Photo: Martin Meissner/AP
Samedi 11 mai, l’artiste biennois Nemo a remporté de belle manière le concours eurovision de la chanson avec son titre ‘The Code’. Hop Suisse ! Bravo à Nemo, qui possède une voix au registre véritablement incroyable et qui a chanté live durant sa performance (une des règles importantes du concours) – j’avoue, j’étais sur les fesses.
C’était je crois seulement la seconde fois que je regardais le concours en entier, la première fois datant déjà de 2009, alors que je me trouvais aux Pays-Bas, dans la Guest house d’un centre de recherche que je venais de rejoindre, suivant le programme avec une bande de scientifiques venant de tous les coins d’Europe et d’ailleurs, c’est-à-dire de parfaites conditions pour ce type de divertissement ! Donc je suis loin d’être un aficionado, mais le buzz entourant la performance suisse était suffisante pour me convaincre (rendez-vous compte : peut-être pourrions-nous gagner sans chanteuse québécoise !…).

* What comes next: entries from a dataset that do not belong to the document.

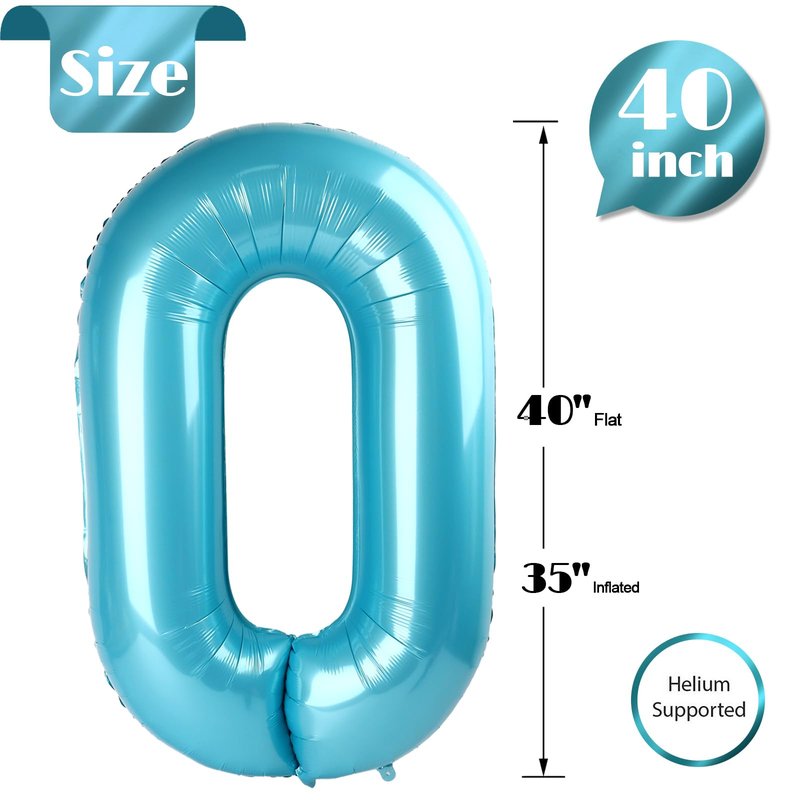 Pearlescent Blue Number Balloon 40 Inch, 0 Number Balloons, 10 20 30 40 50 Numbers Balloon Birthday Decorations, Party Supplies for Women Men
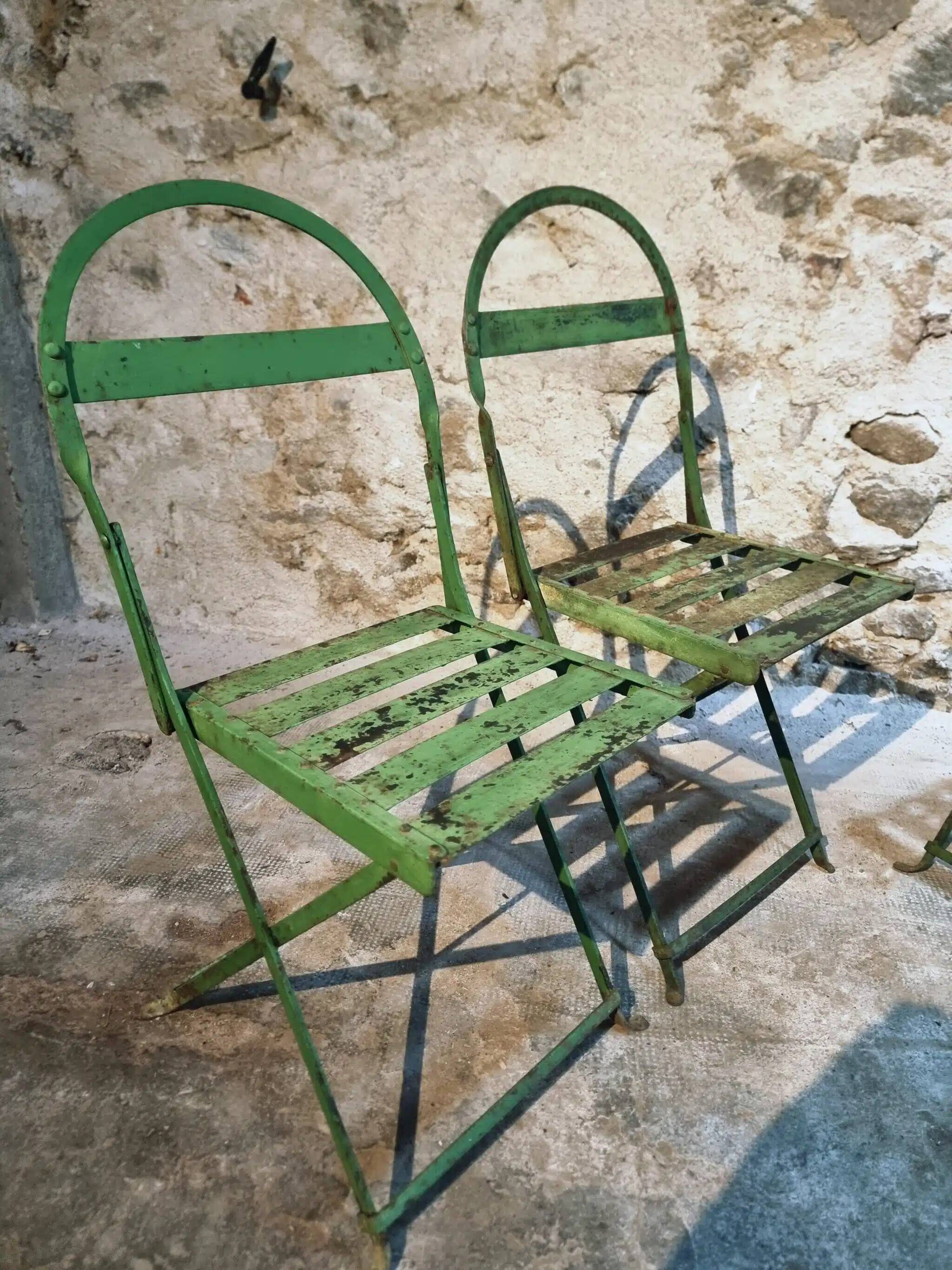 Set of 4 Antique Iron Folding Garden Chairs - 1920s Riveted Bistro Chairs with Aged Green Patina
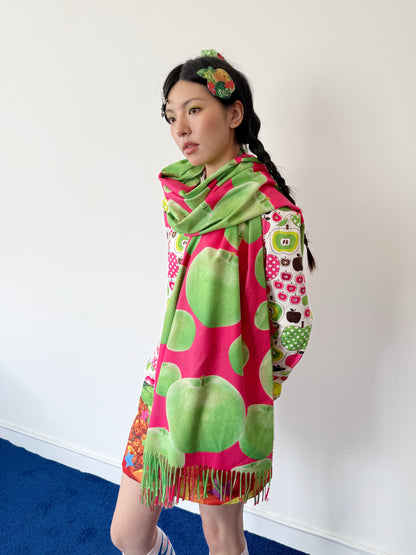 FRUITS - Kawaii Green Apple Print Fringe Scarf scarf Fruits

Alors me revoilà devant mon écran, quinze ans plus tard, pour suivre le concours à nouveau. Première impression alors que les premières chansons s’égrènent : le niveau a-t-il monté ? Les artistes me semblent meilleurs que dans ma mémoire – notamment l’Ukraine a une chanson très bien fichue, excitante même. Puis je note l’impressionnante technique : éléments de décors amovibles et versatiles dardés de LED, écrans LCD à même le sol qui permettent de projeter des images en haute définition, incroyable régie qui mixe avec des dizaines d’angles de caméras sans le moindre couac (mais comment font-ils pour gérer ça en live ? Programmation ? IA ?). Je n’avais encore jamais rien vu de tel.

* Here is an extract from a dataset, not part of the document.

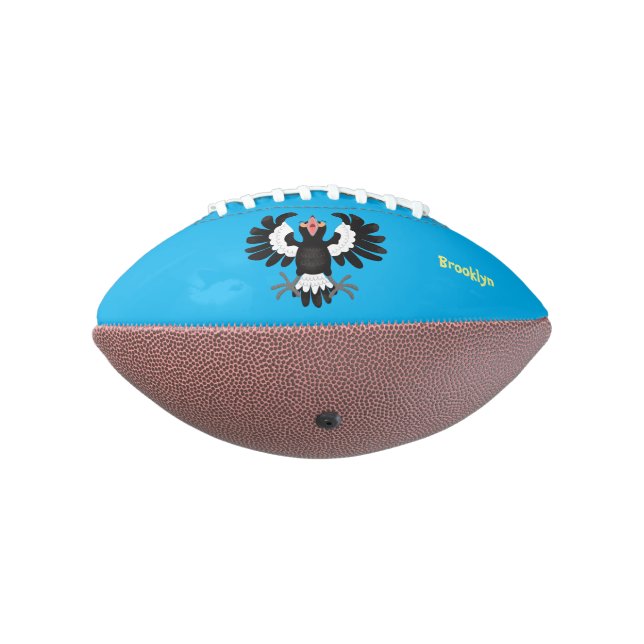 Funny Australian magpie cartoon illustration Football (Rotated 270)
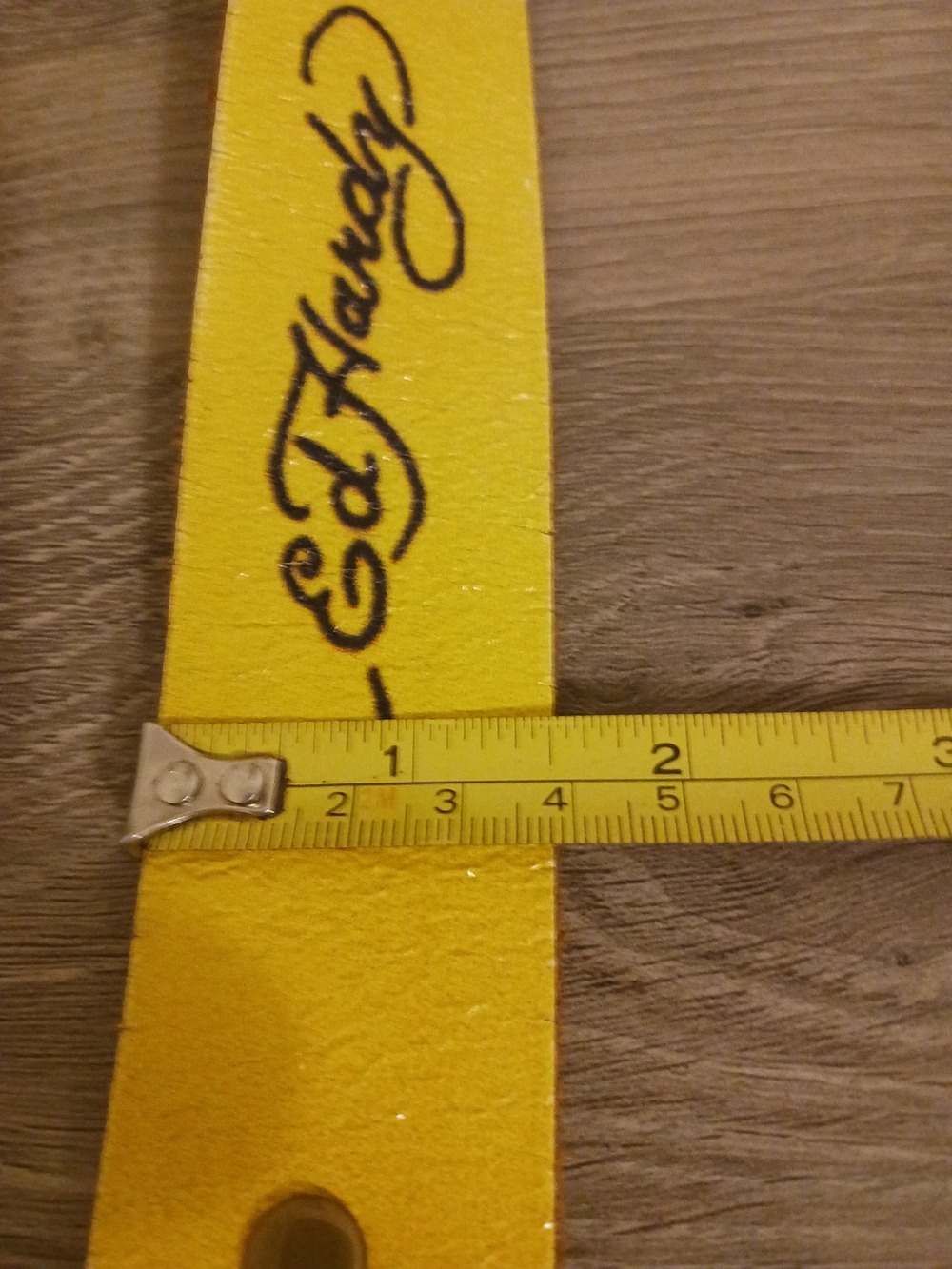 Ed Hardy YellowLeather Belt with Multicolor Rose /Panther Design - Picture 8 of 8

Fort heureusement, le concours comportait encore suffisamment de ses numéros qui font son charme. Vous savez, ces performances un peu grotesques, un peu embarrassantes, un peu WTF. Et même un total OVNI, les Finlandais avec Windows95Man (sérieusement !…), qui je le confesse m’a bien fait rigoler. Et même les favoris, les Croates de Baby Lasagna (sérieusement !…), ça frôle le grand n’importe quoi estampillé Eurovision. Mais l’on parle du concours qui a inspiré le film de Will Ferrell The Fire Saga, alors…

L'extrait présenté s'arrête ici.